# Aim of the task
In the data below, find the line with "Technogym Excite 700i" and the line with "Building Photo - 4539 Bloomington Ave", then restate both and every line between them exactly, minus the pictures.

# Materials provided

* * * *

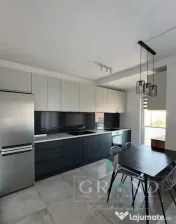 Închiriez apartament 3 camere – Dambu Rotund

* * * *

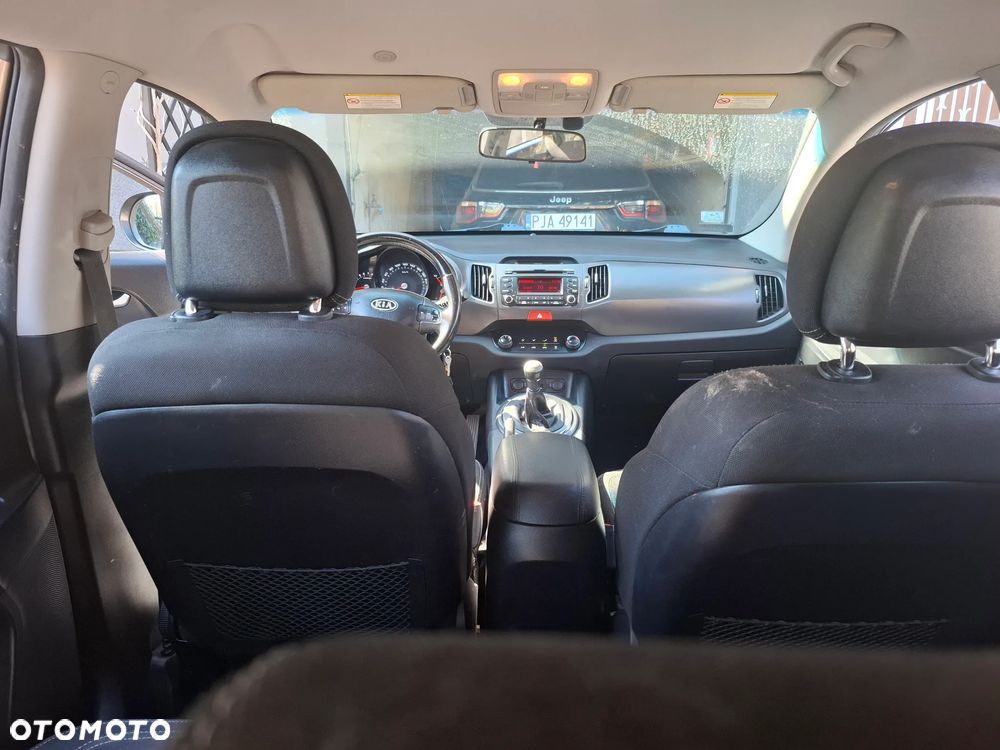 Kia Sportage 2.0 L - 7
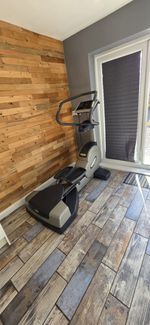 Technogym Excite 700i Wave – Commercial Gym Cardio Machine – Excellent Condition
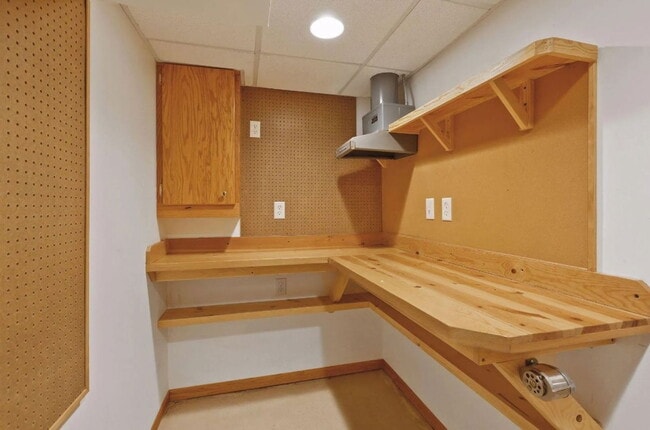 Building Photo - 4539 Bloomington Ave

* * * *

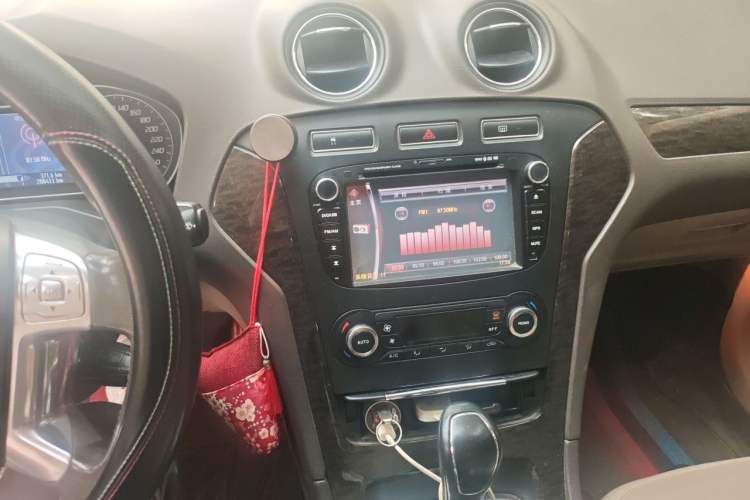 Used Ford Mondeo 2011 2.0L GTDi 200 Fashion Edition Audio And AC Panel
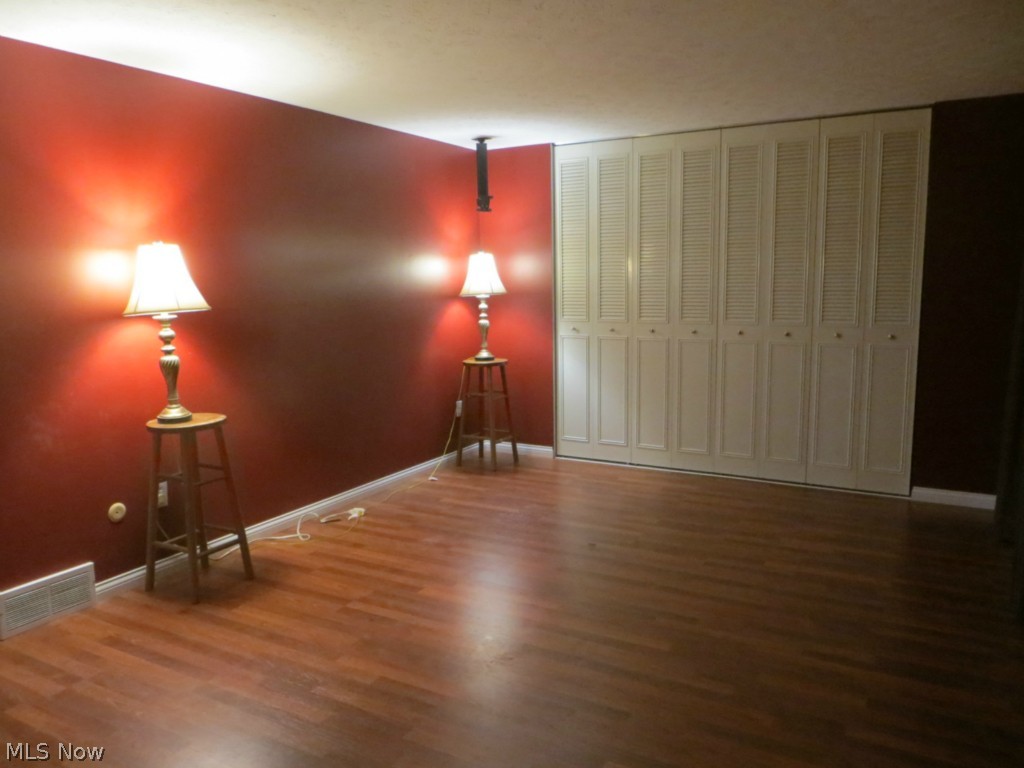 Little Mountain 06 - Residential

* * * *

# Solved exercise
 Technogym Excite 700i Wave – Commercial Gym Cardio Machine – Excellent Condition
 Building Photo - 4539 Bloomington Ave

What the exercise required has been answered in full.